The key causal mechanism is not a literal mask in frequency space but an asymmetric padding and truncation strategy. Without zero-padding, FFT multiplication corresponds to circular convolution, and future terms can wrap into earlier outputs. Padding both sequences to 4 moves those wrap-around terms outside the causal region; truncating to the first 5 positions yields the desired causal convolution,
6
This directly addresses the standard objection that Fourier token mixers are non-causal (Gan et al., 30 Apr 2026).
6. Empirical performance, portability, and limitations of Caracal
The Caracal paper evaluates the architecture on language modeling, commonsense reasoning, long-context extraction/retrieval, and efficiency scaling. Across Tiny, Small, Medium, and Large scales, Caracal is described as competitive with Transformer and SSM baselines rather than uniformly dominant. On the Large setting, the reported results are Lambada perplexity: 29.39, Lambada accuracy: 35.26, and average benchmark accuracy: 49.01. In a broader comparison using a 345M-parameter configuration and the prior-work evaluation protocol, Caracal (Default) attains the best average accuracy in the comparison table with 46.62 (Gan et al., 30 Apr 2026).

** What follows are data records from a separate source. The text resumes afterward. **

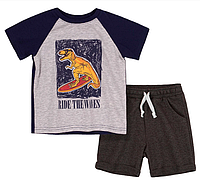 Комплект для хлопчика (футболка+шорти) Бембі КС648, 116 трикотаж синьо-сірий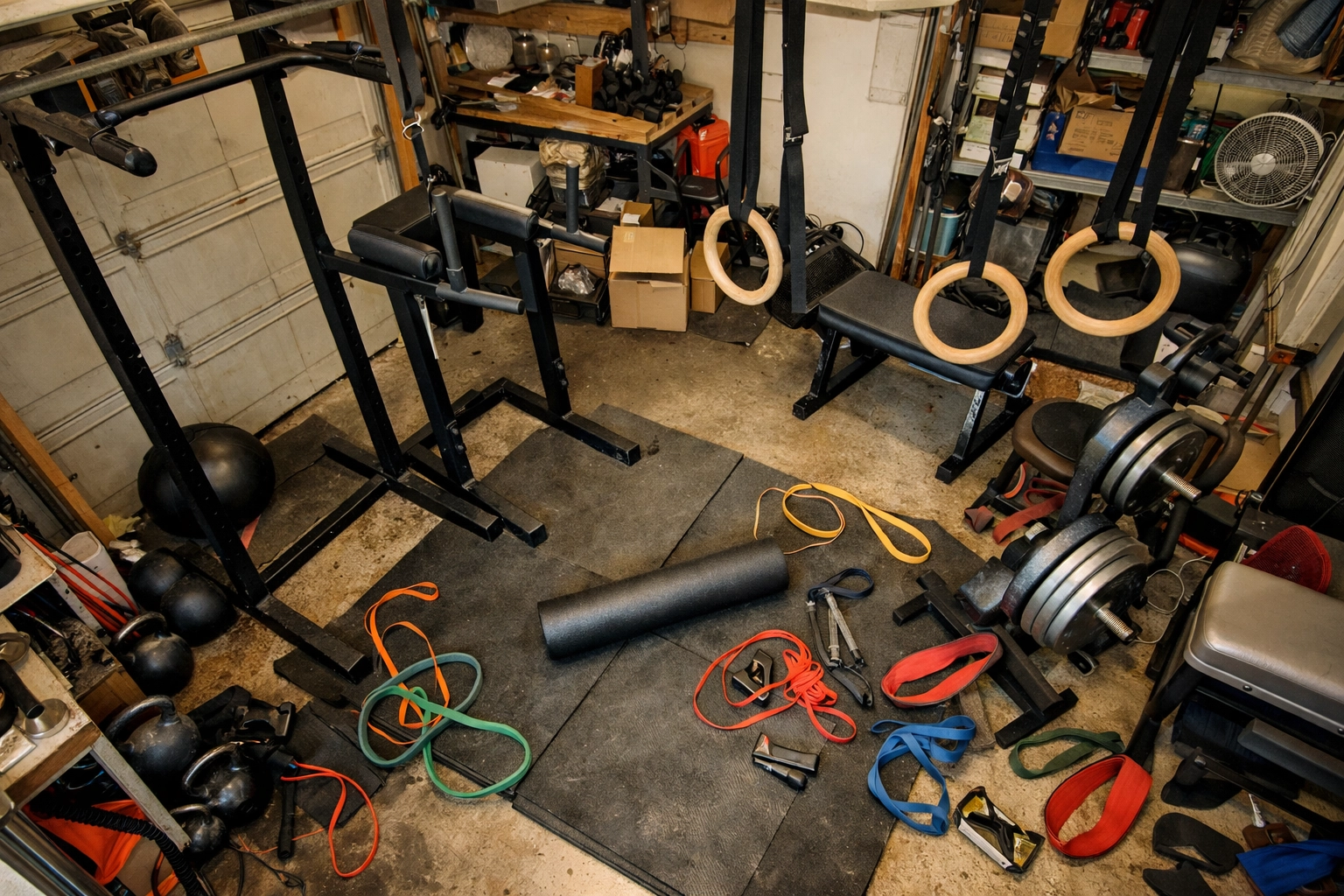 Cluttered home gym with multiple single-purpose equipment pieces taking up floor space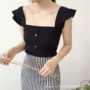 外穿夏季修身荷叶边吊带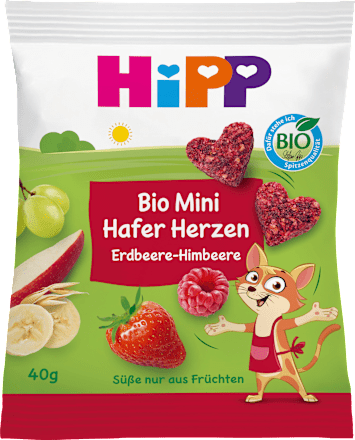 Kindersnack Mini Hafer-Herzen Erdbeere-Himbeere, ab 3 Jahre, 40 g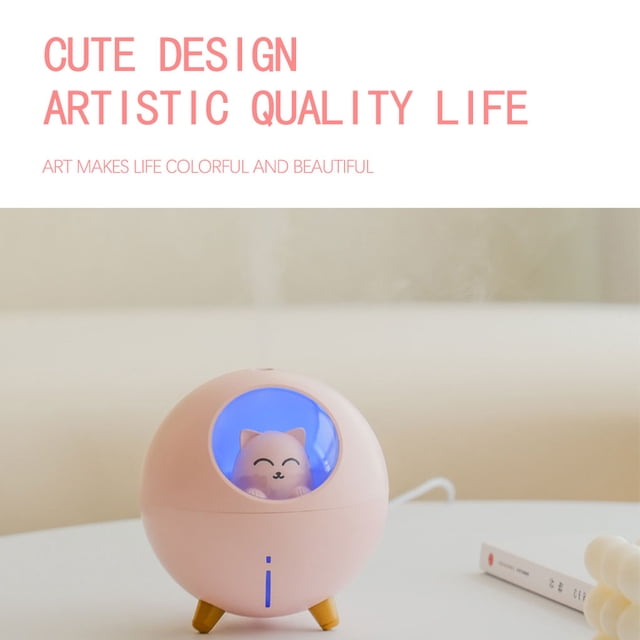 Humidifier Adorable Animal Shape 220ml Cable Power USB Interface Diffuser Dormitory Mist Maker with Light Pink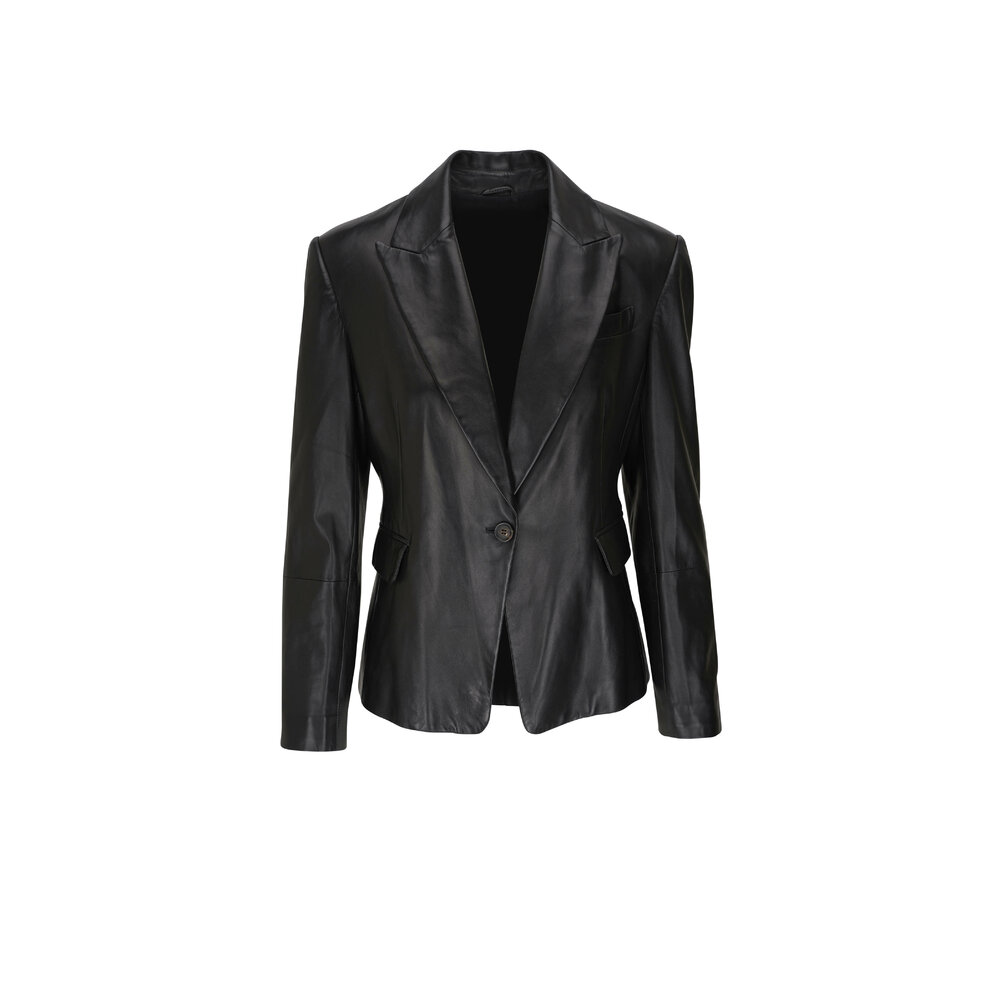 【23AW NEW】BRUNELLO CUCINELLI / ラペルカラー ブレザー/Black Brunello Cucinelli - Black Nappa Leather Jacket | Mitchell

The long-context retrieval results are more mixed. On SWDE and FDA, the paper states that Llama performs better on exact retrieval-style tasks, with Llama avg: 9.55 and Caracal avg: 5.37. The authors describe this as a “resolution gap”, and dense attention is said to retain an advantage in fine-grained retrieval. This is one of the principal limitations explicitly acknowledged by the paper (Gan et al., 30 Apr 2026).
Efficiency is the clearest empirical strength. Training time and token throughput were measured from context lengths 256 to 8192. At context length 8192, the reported training times are Llama: 94,258 s, Caracal default: 34,071 s, and Mamba2: 33,956 s. Throughput at the same length is Llama: 106,091 tokens/s, Caracal default: 293,504 tokens/s, and Mamba2: 294,498 tokens/s. The hybrid Caracal with SWA is stated to be slightly faster than pure MHF in some settings because the SWA layers benefit from highly optimized FlashAttention kernels (Gan et al., 30 Apr 2026).
Ablation studies isolate the contributions of local modeling and gating design. The tested variants are w/o SWA, w/o SWA + PC, with PE, and SSLP. The reported conclusions are that SWA and pre-convolution help local modeling, that adding positional encodings does not help much, and that the two-stage gating design outperforms a simpler single-stage projection. The best hybrid ratio in the parameter study is 2:1 MHF:SWA; increasing SWA beyond that slightly hurts performance (Gan et al., 30 Apr 2026).
Portability is framed as a major architectural distinction from Mamba-like SSMs. Caracal uses standard FFT operators, standard convolution, standard linear layers, and standard FlashAttention only for the small SWA component. By contrast, the paper characterizes Mamba and Mamba-2 as architectures whose best implementations often rely on custom CUDA kernels, hardware-aware scan algorithms, and specialized tuning for block sizes and memory layout. This suggests that Caracal seeks a specific balance between scalability and engineering simplicity rather than asymptotic optimality alone (Gan et al., 30 Apr 2026).
The paper is explicit about remaining limitations: retrieval precision is weaker than dense attention on some tasks, large-scale validation remains future work, and inference optimization would require more specialized engineering for production-grade throughput. Proposed future directions include multi-scale gating, hierarchical mixing, and better retrieval-oriented refinements (Gan et al., 30 Apr 2026).